**What is needed:** Reproduce the data below word for word, setting aside any picture it holds.

**Data shown:**
※

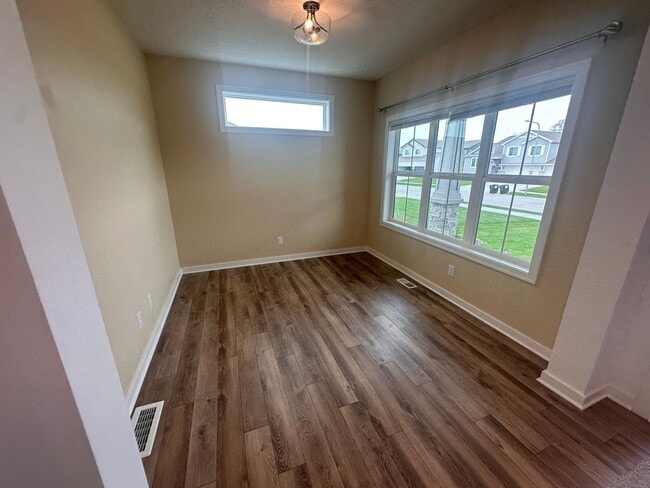 Photo - Home For Rent Papillion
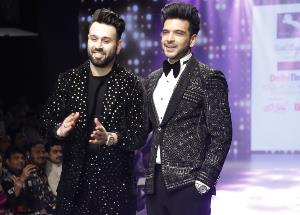 Karan Kundrra turns showstopper for designer Mayank Chawla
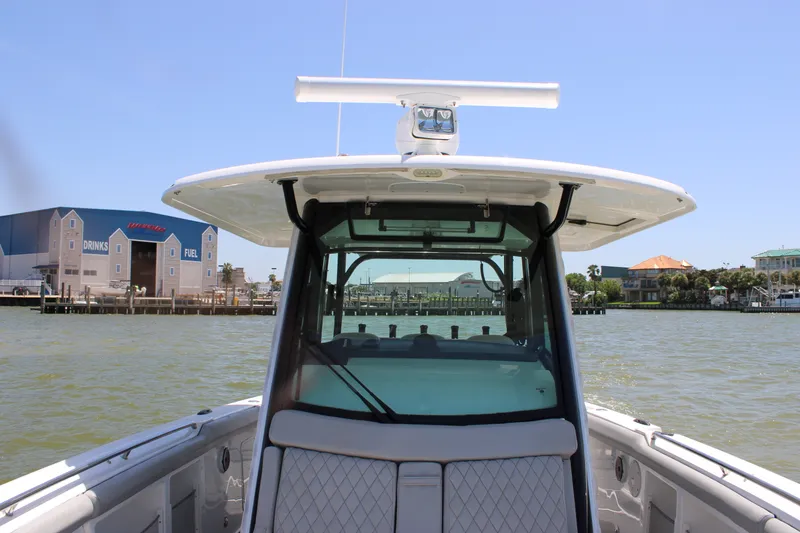 Slide: The Image of Boston Whaler 350 Outrage 2020 - 21
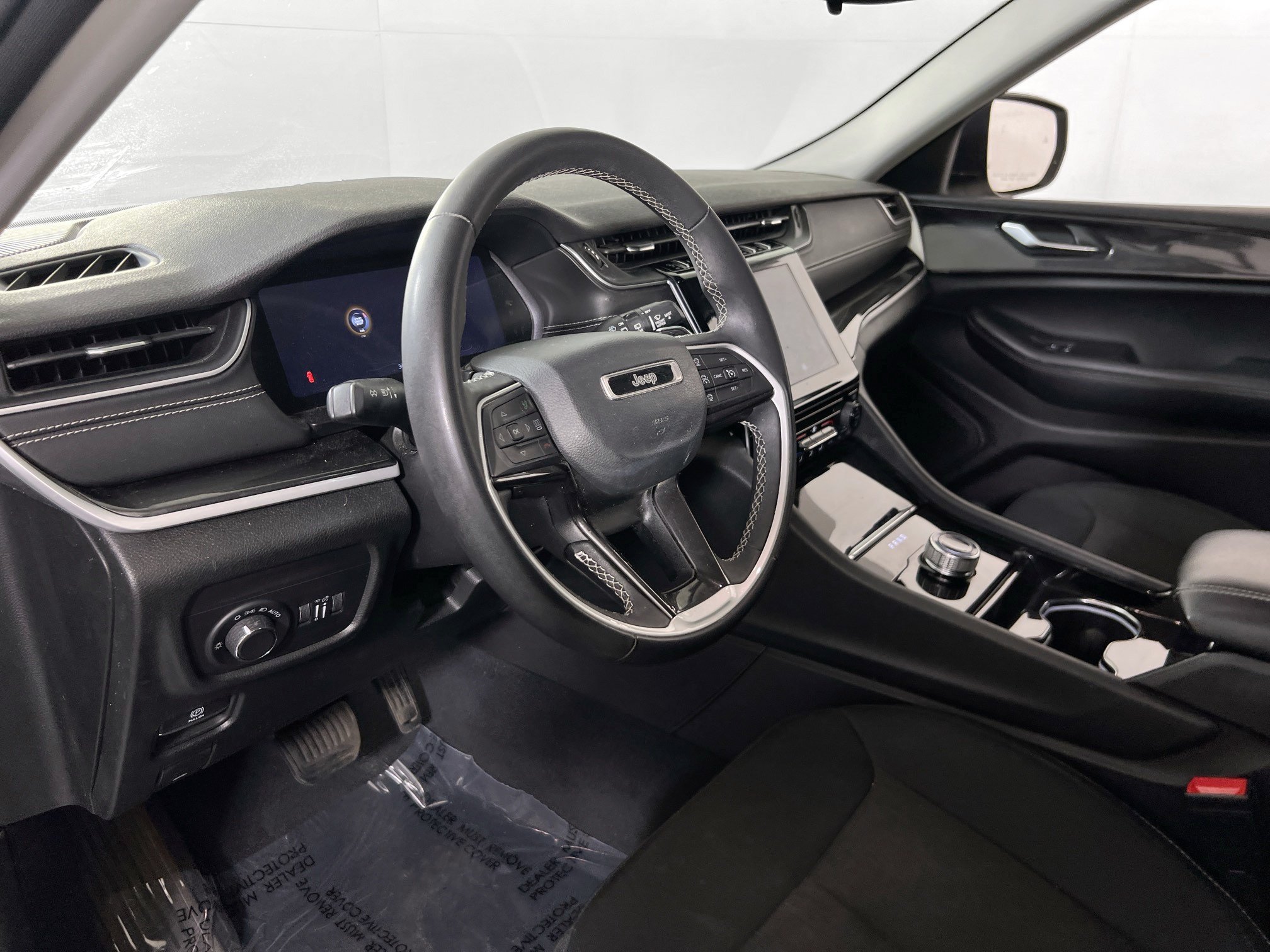 Used 2023 Jeep Grand Cherokee Laredo AWD/4WD image 9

※

**Task result:**
 Photo - Home For Rent Papillion
 Karan Kundrra turns showstopper for designer Mayank Chawla
 Slide: The Image of Boston Whaler 350 Outrage 2020 - 21
 Used 2023 Jeep Grand Cherokee Laredo AWD/4WD image 9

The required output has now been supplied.